The biggest and most controversial part of the Apple news conference on Tuesday involved the new iPhone X's powerful facial-recognition capabilities. It made me think of a long-gone reporter at 6ABC's Action News, Hank Sperka, a blunderbuss of a guy who, when asked to show his ticket at the door of a posh party, famously said "I don't need a ticket — my face is my ticket!"
Apple's novel FaceID system, built into the brand new iPhone X, may be similarly exploited — to help you gain entrance to theaters and pay for groceries. And with almost half of our populace's personal information now compromised by the horrifying hack of the Equifax database, a super-sophisticated face recognition system might also become the best line of defense for consumers when they're charging merchandise online or trying to update a financial account.
The system could replace the no-longer-secure "What's the last four digits of your social security number?" and "What's your mother's maiden name?"
FaceID also promises to be far faster than today's "two-step" verification system which involves requesting — and then entering — a special code number to a user's device.
But some — like tech-savvy and privacy-focused Sen. Al Franken — are wondering: Do we really want Apple to act as our surrogate parents, and take on this security role?
On the surface, it seems Apple has done its homework here, maybe more so than Samsung, whose face recognition system is featured in its brand new Galaxy Note 8, which hits stores on Friday. In decent lighting, the Note 8 has done well for this tester, recognizing me with glasses off or on. But when sitting in the relative dark at the recent Billy Joel ballpark concert and hoping to snap some shots, I was able to unlock the phone with Samsung's face ID method only if I had my glasses off, the state in which I'd originally registered my face.

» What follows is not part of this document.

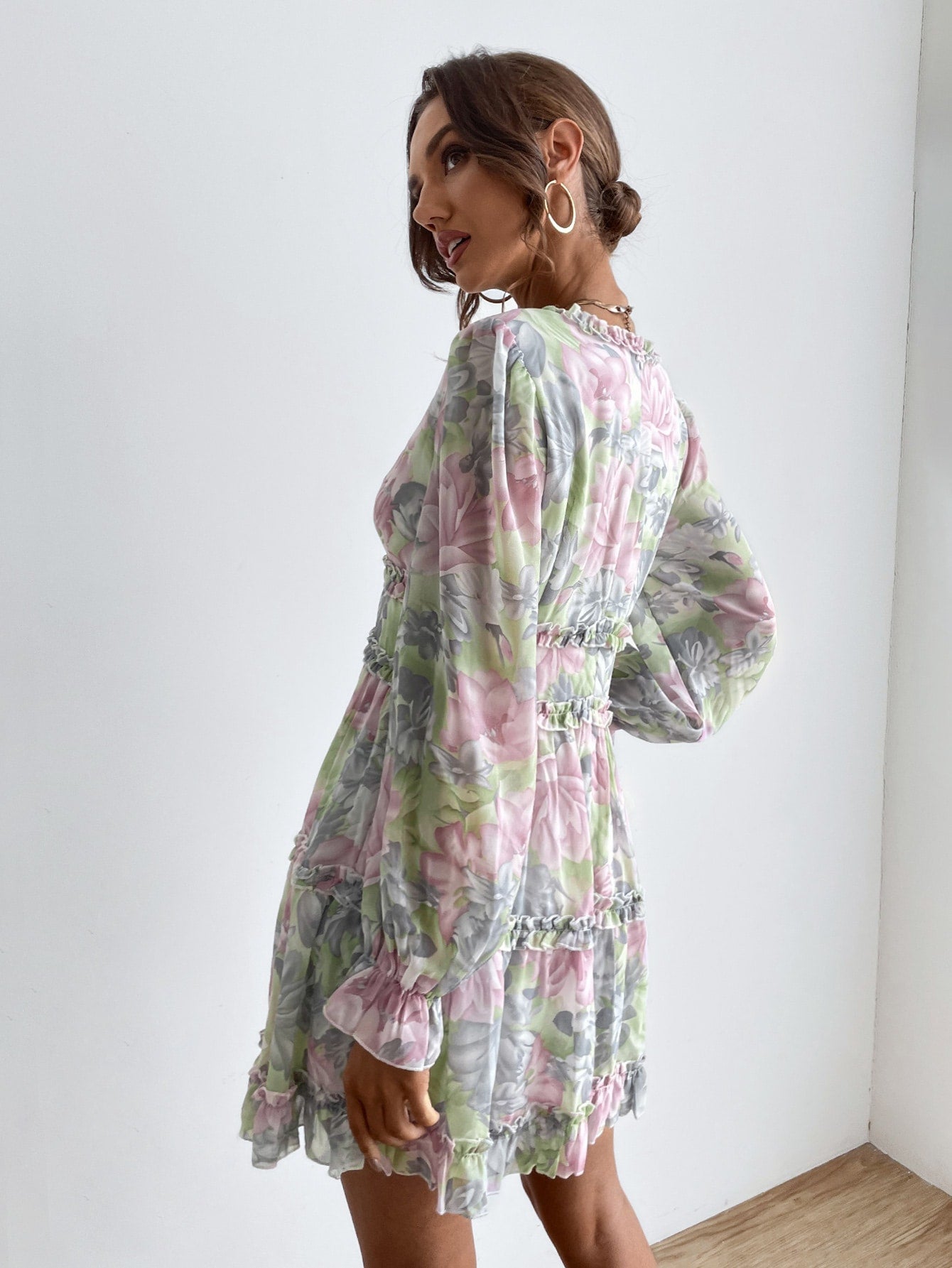 Floral Print Flounce Sleeve Frill Trim Dress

Apple's face recognition system generates its own illumination — throwing out 30,000 pinpoint beams of infrared light to measure the contours of your face. The light then bounces back and is captured by a special infrared-light-measuring camera on the phone, processed in milliseconds by an on-board high-powered chip.
Apple says the system is so smart it can identify you not only if your glasses are on or off, but also if you've changed your hair color or style, are wearing a hat or have been sobbing all night and developed bags under those eyes! And it won't be spoofed by a one-dimensional photo or even a three-dimensional mask.

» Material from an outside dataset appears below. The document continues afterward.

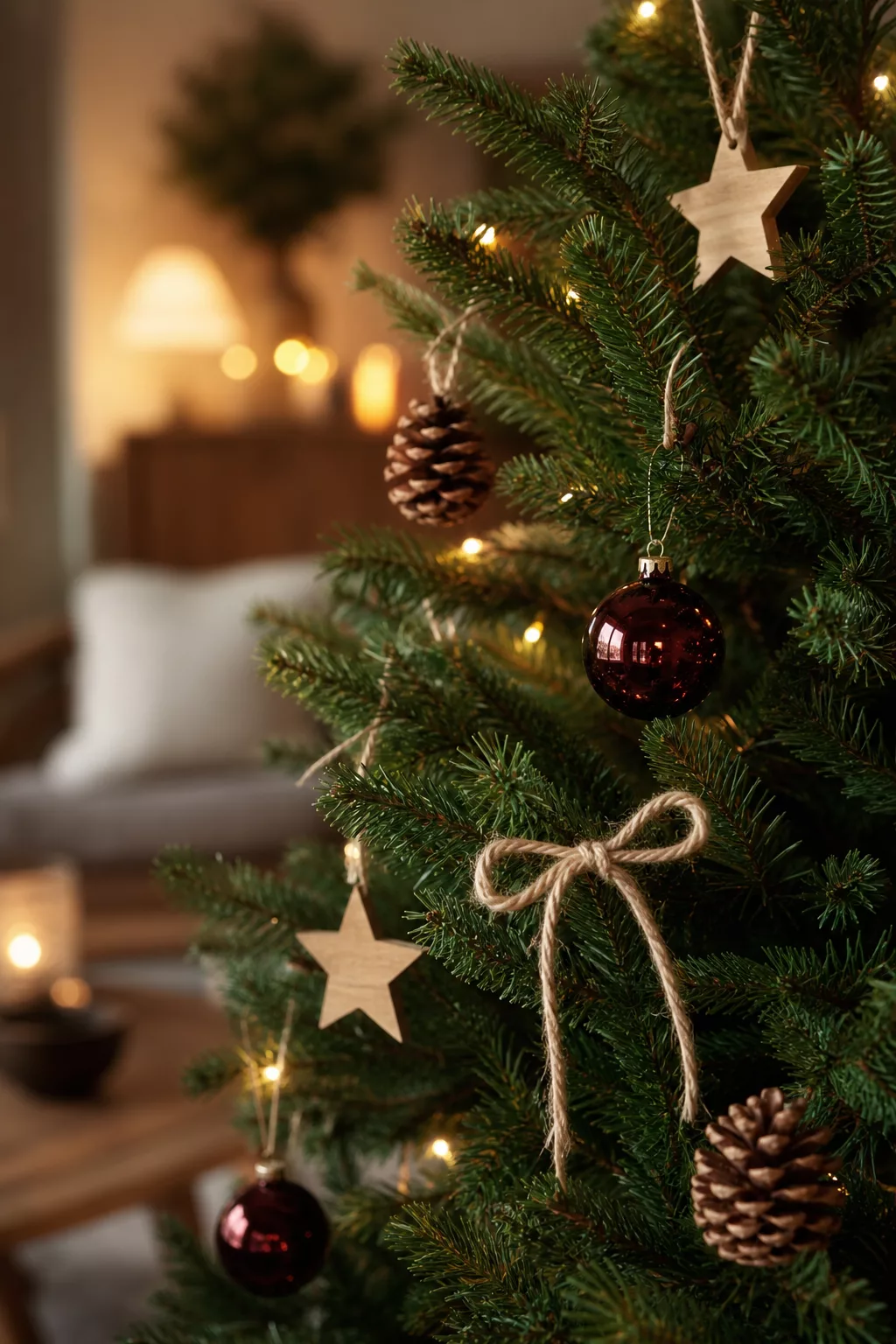 Weihnachtsbaum modern geschmückt mit Naturschmuck aus Zapfen und Holz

Still, suspicious minds like Franken's are pressing Apple to explain to the American public how the FaceID tech will affect consumer privacy and security.
In a letter sent Wednesday night to CEO Tim Cook, which you can read here on Franken's website, the senator said he was "encouraged by the steps that Apple states it has taken to implement the system responsibly," but cautioned that "substantial questions remain."
While Apple has stated that all faceprint data will be "stored on the individual's device as opposed to being sent to the cloud," Franken is wondering if it's possible "either remotely or through physical access to the device, for Apple or a third party to extract and obtain usable faceprint data from the iPhone X."
And "is there any foreseeable reason why Apple would decide to begin storing such data remotely?"
He also ponders if Apple might share faceprint data with a "commercial third party." Could happen. Apple has said that the system will be used to unlock third-party apps such as 1Password, E*Trade, and Mint.
The senator asked if the recognition system is sufficiently trained to avoid "racial, gender or age bias." And "what safeguards has Apple implemented to prevent the unlocking of the iPhone X when an individual other than the owner of the device holds it up to the owner's face?"
And finally, challenging Apple to the core of its personal privacy values, he ponders "how will Apple respond to law enforcement requests to access Apple's faceprint data or the FaceID system itself?"
As the most outspoken figure on the Senate Privacy Subcommittee, Franken has pushed several companies on the value and threats of new technology. He questioned phone companies over fingerprint ID, a useful feature now built into lots of devices. And he fought off a proposed Google Glass app called Name Tag, which would have let strangers get people's very personal information by looking at them through the special eyewear.